El último rescate bancario de Italia no es tan malo

La próxima vez que un banco italiano se meta en problemas, debería tener más capital para absorber pérdidas

Monte Dei Paschi
Oficina del Monte Dei Paschi en Florencia. REUTERS

El rescate bancario final de Italia no es tan malo como parece. Los contribuyentes inyectan 5.400 millones de euros a Banca Monte dei Paschi di Siena en otro paso atrás de los esfuerzos europeos para arreglar sus problemáticos prestamistas. Sin embargo, los acreedores júnior y los empleados van a conseguir una oferta peor que la que habrían tenido si hubieran evitado el rescate, aunque el Estado podría obtener beneficios.

El banco es el último de los grandes prestamistas italianos en limpiarse. El Gobierno intervino para evitar una resolución usando una laguna de la norma europea. La recapitalización preventiva permite al Estado ayudar si el banco vende los activos malos, fuerza pérdidas en los propietarios de bonos y despide empleados.

Los trabajadores están recibiendo el tratamiento más duro. El plan, aprobado por la CE el 4 de julio, hará que la entidad recorte su plantilla un 20% para 2021 y el sueldo de su consejero delegado, Marco Morelli, será limitado a 466.000 euros, 10 veces el salario medio.

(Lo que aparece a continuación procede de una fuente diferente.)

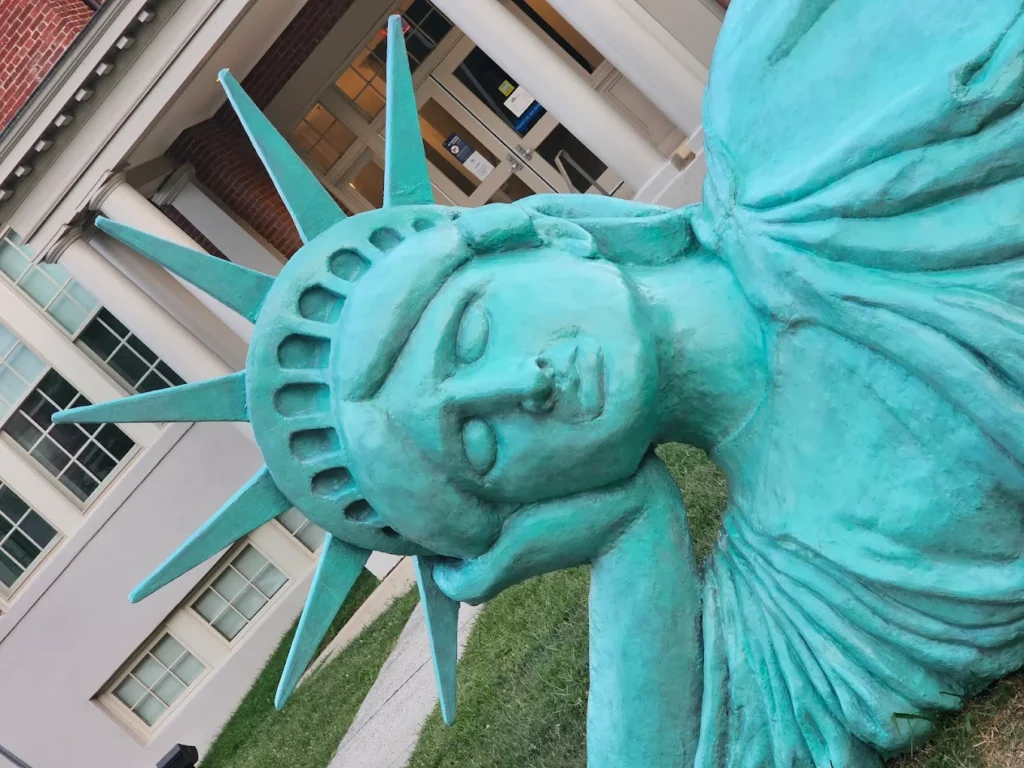 cabeza de la estatua de la libertad descansando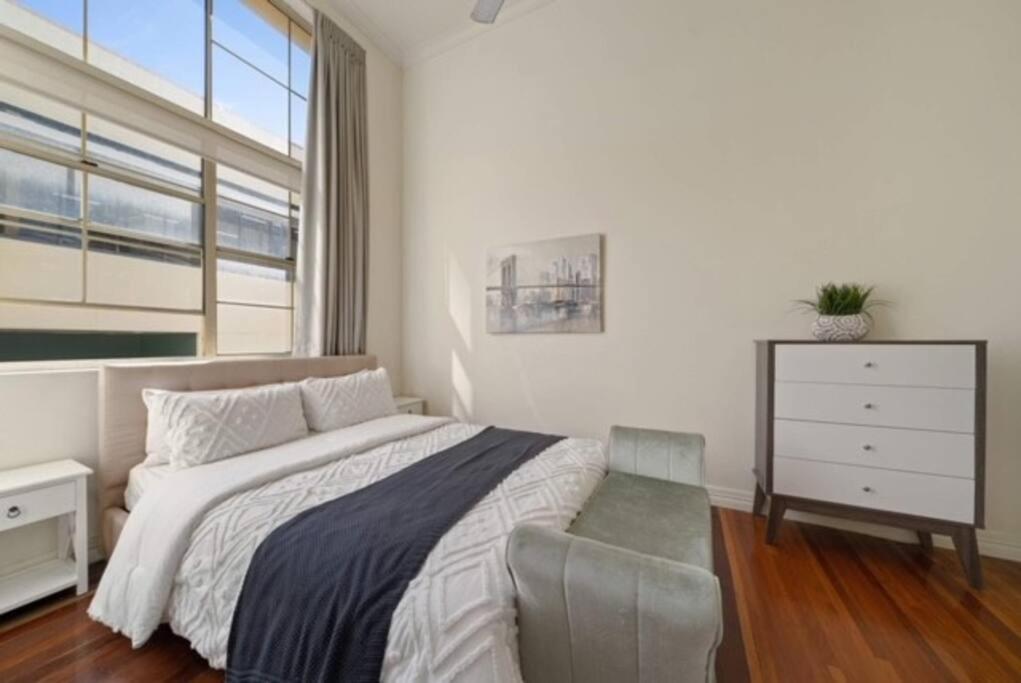 Cool New Yorker CBD Apartment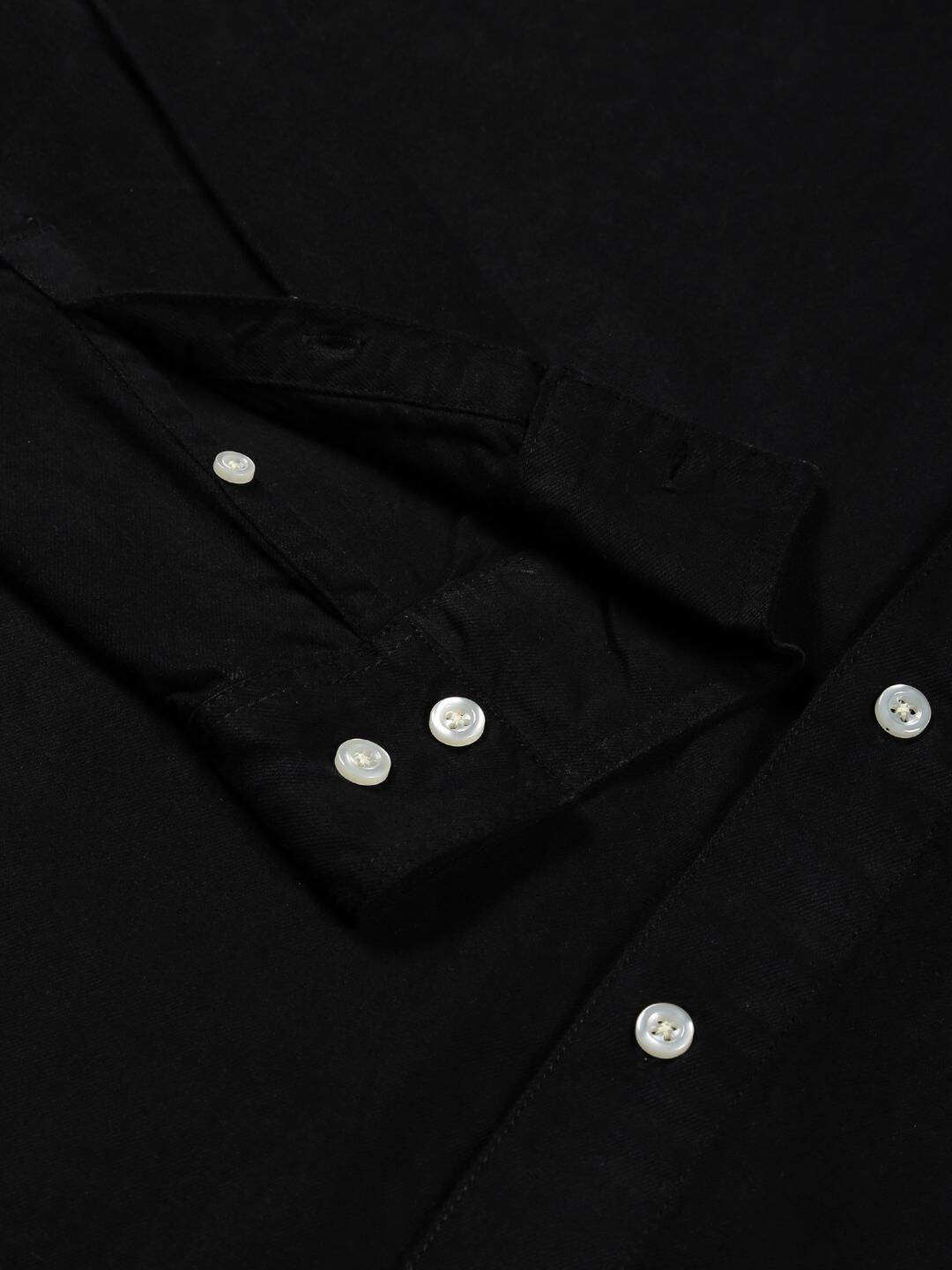 Thomas Scott Men Classic Slim Fit Spread Collar Casual Shirt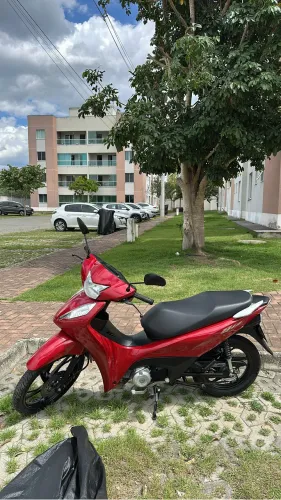 Vendo Honda Biz 125 EX 2025/2025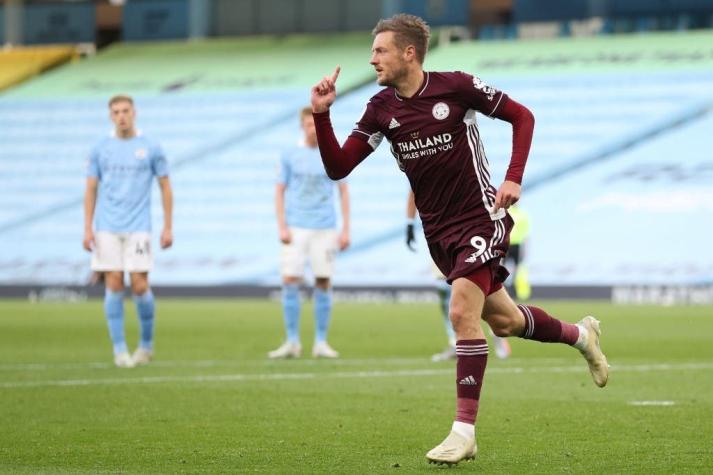 El Leicester, con tres de Vardy, goleó al Manchester City en su propia casa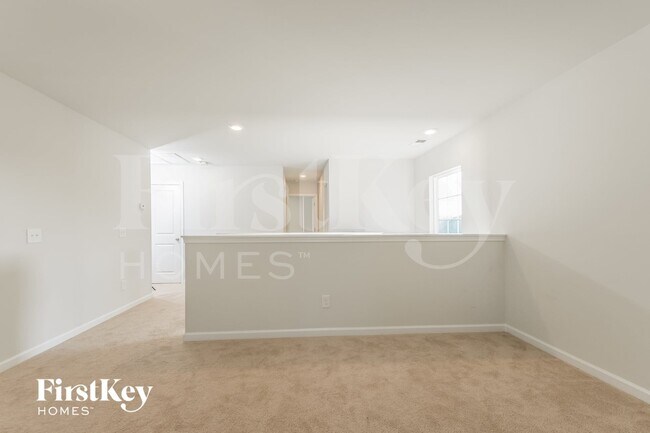 Building Photo - 272 Witch Hazel St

El futuro de los tenedores de bonos es variado. Como antes, los acreedores convertirán sus bonos en capital, pero las condiciones serán peores que las del Gobierno. Un bono institucional estaba operando ayer por debajo del 40%, en torno a la mitad de su nivel del año pasado. Los bonistas minoritarios, sin embargo, serán compensados.

A pesar de lo indeseado que es este capital, el Gobierno va a lograr una ganga. Conseguirá una participación del 70% en un banco que debería tener un capital tangible de 11.500 millones para 2021, cuando la entidad espera lograr unos beneficios antes de impuestos de 1.400 millones. Con un tipo del 50%, el banco logrará un rendimiento de capital de cerca del 9%. Suponiendo un coste de capital del 10%, MPS podría valer cerca de 10.000 millones. En ese caso, la participación del Gobierno valdría 6.700 millones, lo que supondría un rendimiento del 25% de su inversión en tres años.

La mejor noticia es que probablemente este sea el último rescate. La próxima vez que un banco italiano se meta en problemas, debería tener más capital para absorber pérdidas. Así, los contribuyentes no estarán en apuros.

Los autores son columnistas de Reuters Breakingviews. Las opiniones son suyas. La traducción es responsabilidad de CincoDías.